### Aim of the exercise
A precise reproduction of every record below is needed, minus the pictures.

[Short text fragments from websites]
»»
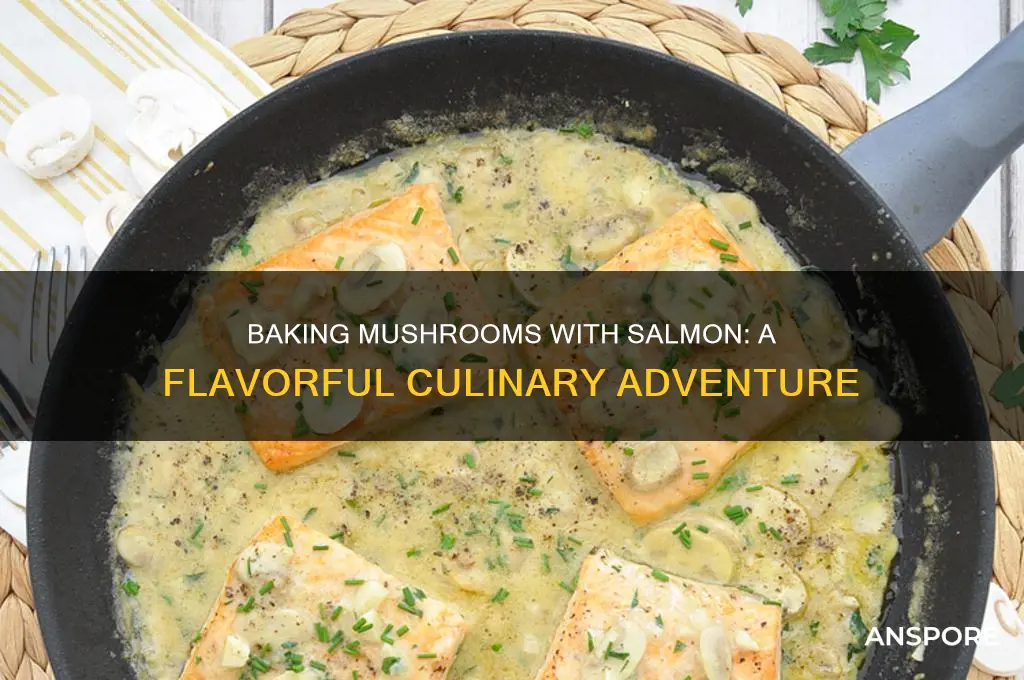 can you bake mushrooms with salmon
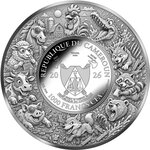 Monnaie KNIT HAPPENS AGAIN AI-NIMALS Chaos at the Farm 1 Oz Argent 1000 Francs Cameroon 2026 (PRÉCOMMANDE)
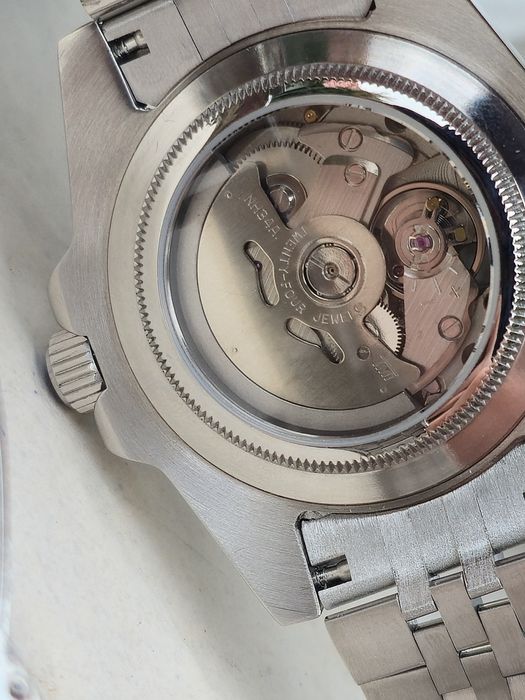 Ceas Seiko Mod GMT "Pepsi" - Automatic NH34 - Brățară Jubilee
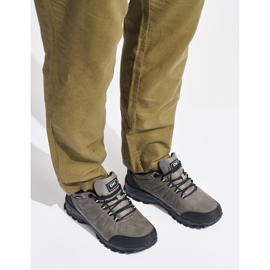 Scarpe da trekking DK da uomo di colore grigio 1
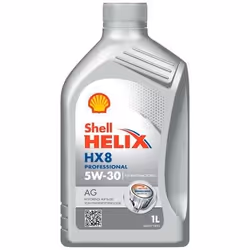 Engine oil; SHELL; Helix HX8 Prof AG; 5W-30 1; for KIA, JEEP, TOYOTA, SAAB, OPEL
««
### Exercise solution
 can you bake mushrooms with salmon
 Monnaie KNIT HAPPENS AGAIN AI-NIMALS Chaos at the Farm 1 Oz Argent 1000 Francs Cameroon 2026 (PRÉCOMMANDE)
 Ceas Seiko Mod GMT "Pepsi" - Automatic NH34 - Brățară Jubilee
 Scarpe da trekking DK da uomo di colore grigio 1
 Engine oil; SHELL; Helix HX8 Prof AG; 5W-30 1; for KIA, JEEP, TOYOTA, SAAB, OPEL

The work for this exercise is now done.